▸ Excerpted records
■ ■ ■ ■ ■ ■ ■

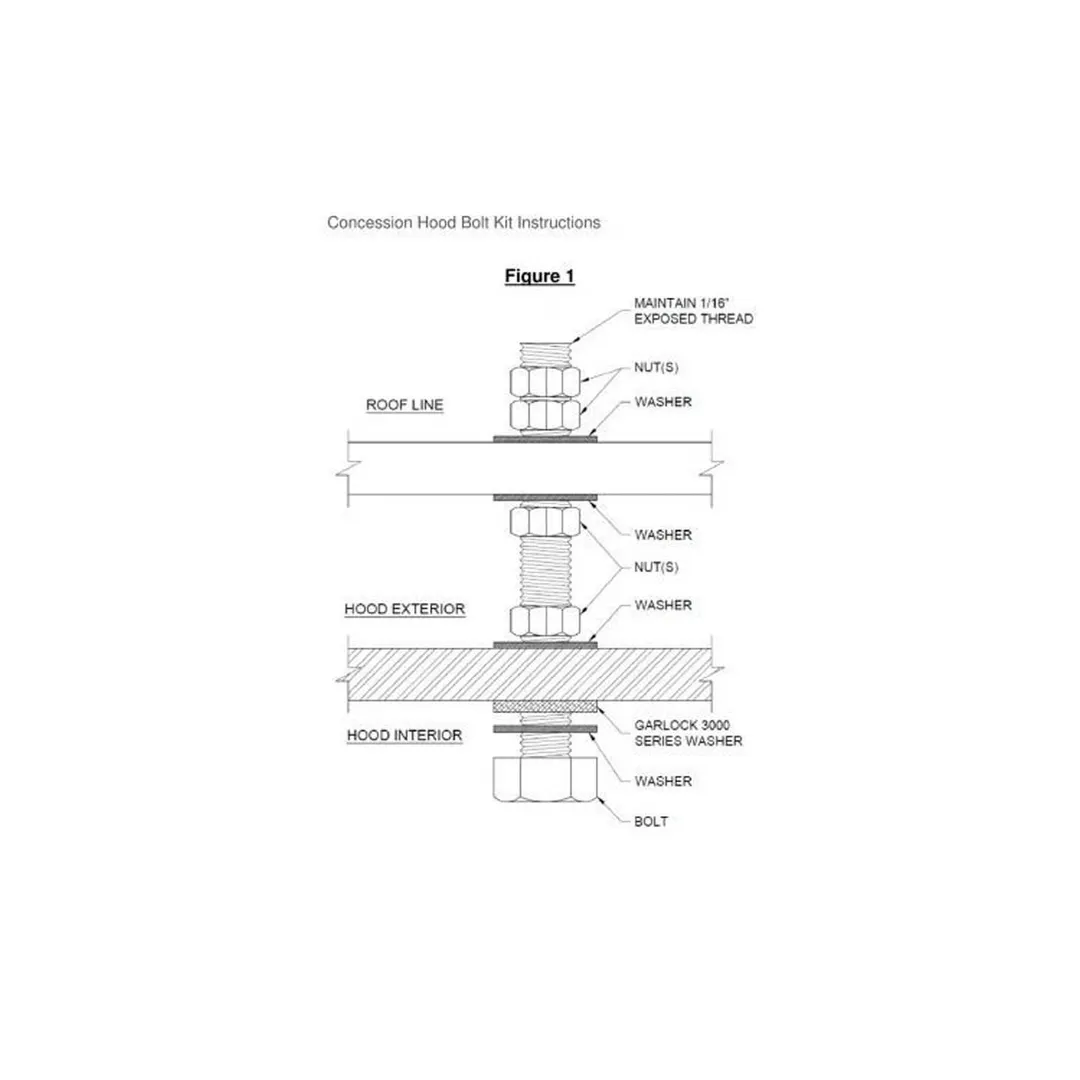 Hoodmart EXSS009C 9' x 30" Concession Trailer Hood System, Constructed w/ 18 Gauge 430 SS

■ ■ ■ ■ ■ ■ ■

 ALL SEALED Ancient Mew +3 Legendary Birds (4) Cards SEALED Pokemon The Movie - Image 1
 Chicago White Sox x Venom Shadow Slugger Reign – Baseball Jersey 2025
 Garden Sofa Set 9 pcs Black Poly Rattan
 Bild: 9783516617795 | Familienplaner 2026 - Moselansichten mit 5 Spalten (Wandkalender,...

■ ■ ■ ■ ■ ■ ■

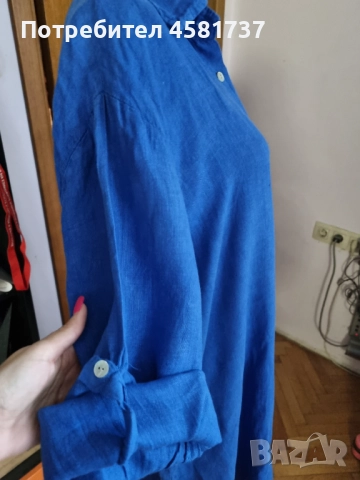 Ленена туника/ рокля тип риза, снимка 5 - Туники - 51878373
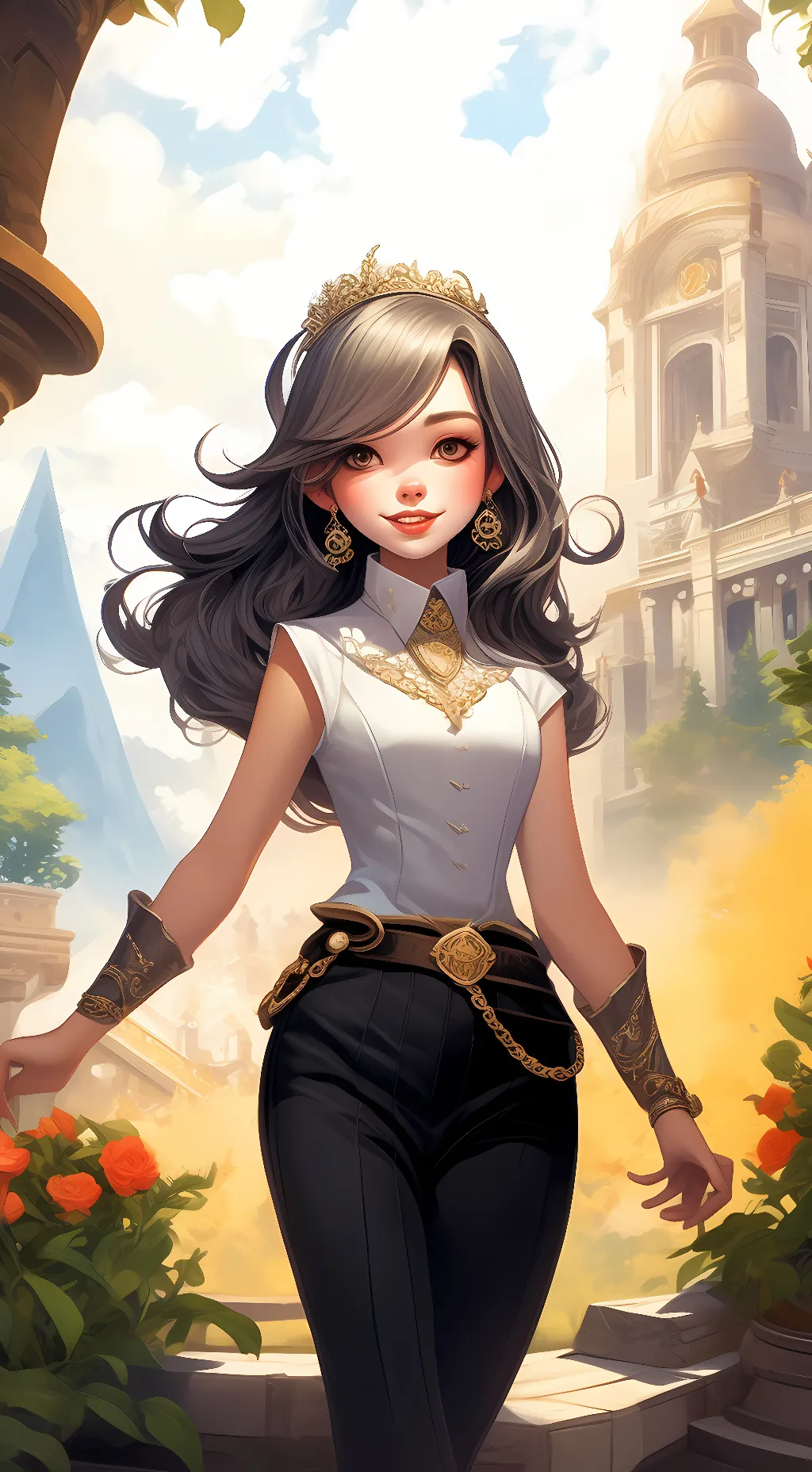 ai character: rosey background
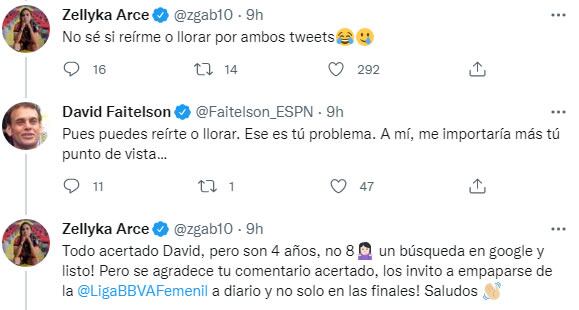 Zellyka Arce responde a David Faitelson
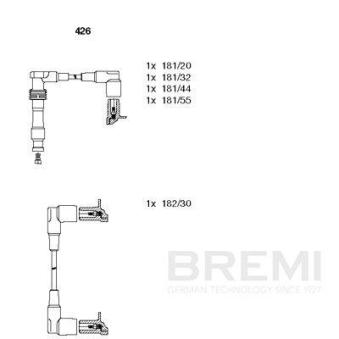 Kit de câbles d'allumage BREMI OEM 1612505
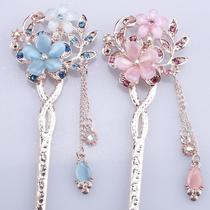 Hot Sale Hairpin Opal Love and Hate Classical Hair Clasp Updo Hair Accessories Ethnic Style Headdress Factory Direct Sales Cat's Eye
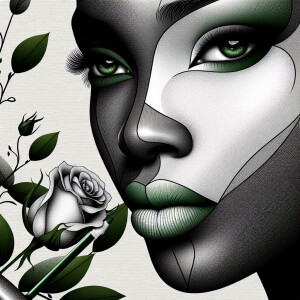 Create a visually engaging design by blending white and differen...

■ ■ ■ ■ ■ ■ ■

▸ Task statement
Between and including the line with "Kit de câbles d'allumage BREMI OEM 1612505" and the line with "Create a visually", repeat every line exactly as it appears above, with pictures left out.

▸ Result below
 Kit de câbles d'allumage BREMI OEM 1612505
 Hot Sale Hairpin Opal Love and Hate Classical Hair Clasp Updo Hair Accessories Ethnic Style Headdress Factory Direct Sales Cat's Eye
 Create a visually engaging design by blending white and differen...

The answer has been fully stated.